While the cautionary instruction may, in the circumstances of the case, apply only to one witness and the jury will have no doubt about the witness to whom the instruction is referrable, the court does not give the jury its evaluation of the particular witness before it. Rather, it instructs the jury about the provisions of a rule of law applicable to the class to which the witness belongs. It is a rule which has long found favor in the law, evolved for the protection of the defendant.[2] There has been no showing before this court that it impedes the administration of justice. We adhere, therefore, to the rule that a cautionary instruction is *270 proper where accomplice testimony is relied upon by the prosecution.[3]

The petitioner has filed a brief pro se, as he did in the Court of Appeals.

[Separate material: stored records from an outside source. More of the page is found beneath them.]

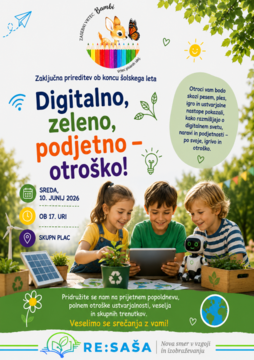 Vabilo na zaključno prireditev Zasebni vrtec Bambi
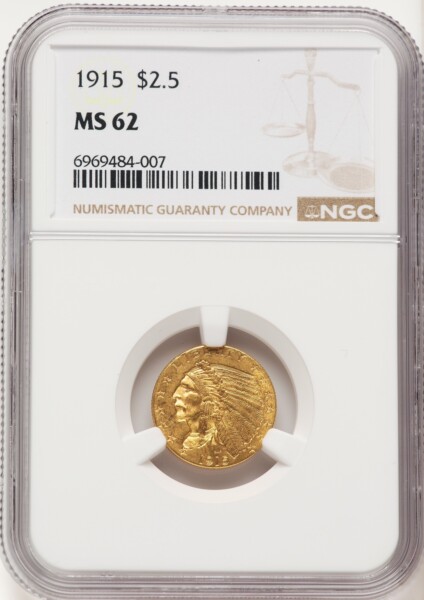 1915 $2 1/2 62 NGC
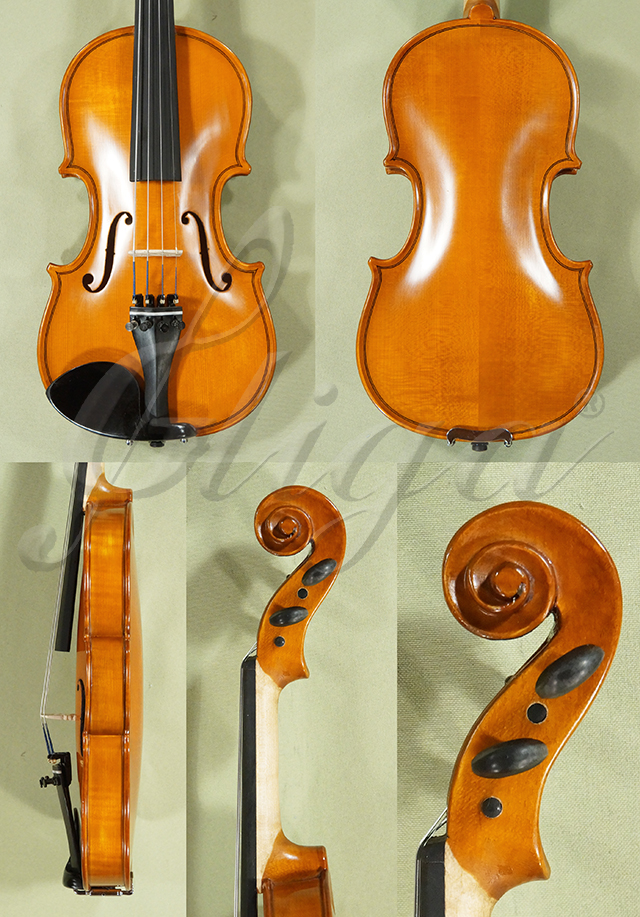 Antiqued 1/4 School GENIAL 1-Oil Violin  * Code: D0648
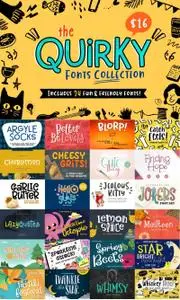 The Quirky Fonts Collection 3524116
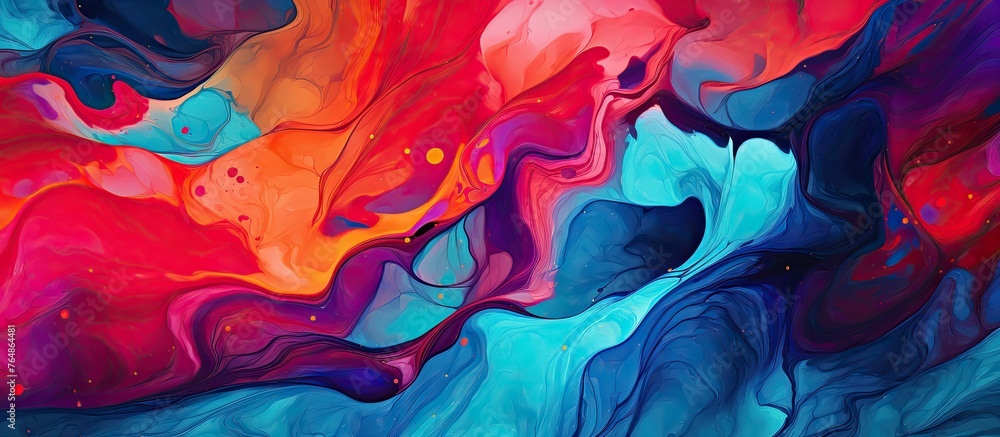 Aufkleber an artistic representation created with various bright and bold colors in an abstract style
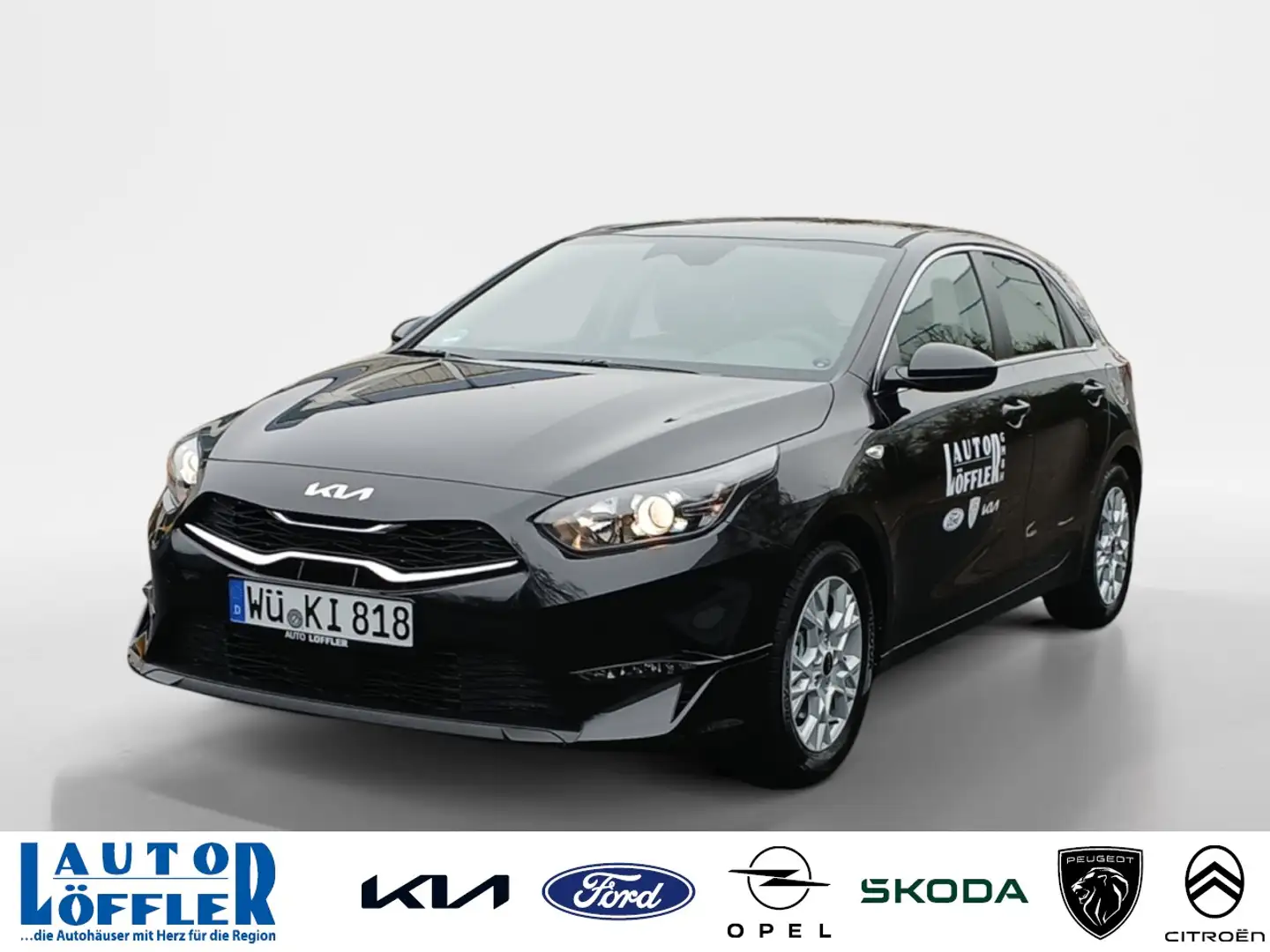 Kia Ceed / cee'd Vision 1.5 KOMF+ PDC´ RFK´ KLIMA´ NAVI´ Klima Schwarz - 1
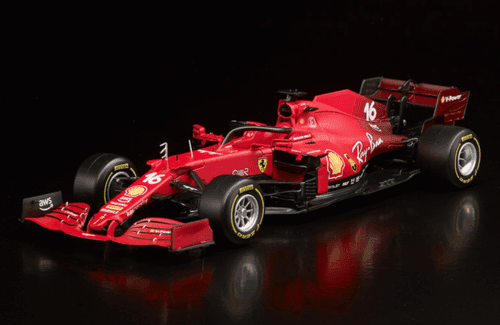 ferrari f1-75 2021 1:24 charles leclerc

The matters discussed in it were or could have been presented to the Court of Appeals, which correctly answered the contentions raised.

The decision of the Court of Appeals is affirmed. The dictum regarding the giving of cautionary instructions on accomplice testimony is, however, rejected.


Petition for rehearing denied October 25, 1974.


[1] The petitioner requested an instruction that, if the jury believed that a witness had testified falsely on any matter, it was to disregard the testimony of that witness entirely except as corroborated by other evidence. The trial court correctly refused this instruction, as it misstated the law. A proper instruction is set forth in State v. Huff, 76 Wn.2d 577, 458 P.2d 180 (1969). The rule is that the jury is at liberty to disregard the uncorroborated testimony of a witness who it finds to have testified falsely on a matter, not that it is required to do so.

[2] In many jurisdictions the giving of the instruction is discretionary, for example, in the federal courts, where comments by the judge, and the evaluation of witnesses is within the province of the court. See United States v. Becker, 62 F.2d 1007 (2d Cir.1933) (opinion by Justice Learned Hand). Also, 6 L. Orfield, Criminal Procedure under the Federal Rules § 52.47, at 514 (1967). The subject is discussed at some length in 2 J. Bishop, New Criminal Procedure §§ 1156-72, at 985-98 (1913). Bishop declares that, anciently, if the jury did not believe the accomplice and acquitted the defendant, the accomplice was hanged (on his confession).

[3] We do not mean to imply herein that the wording of the instructions used in this case is beyond improvement. The definition of an accomplice as "one who knowingly aids, abets, or assists another in the commission of the crime charged against such other," which was given by the trial court in this case, while a correct statement of the law, could be improved, we think, by simplification. The defining of an accomplice as one who admits his own participation in the crime charged, would be more appropriate in the context. Hopefully, this would reduce the fear, apparently entertained by the petitioner's counsel, that the jury will feel that it must find the defendant guilty first and then (too late) view the accomplice's testimony with suspicion.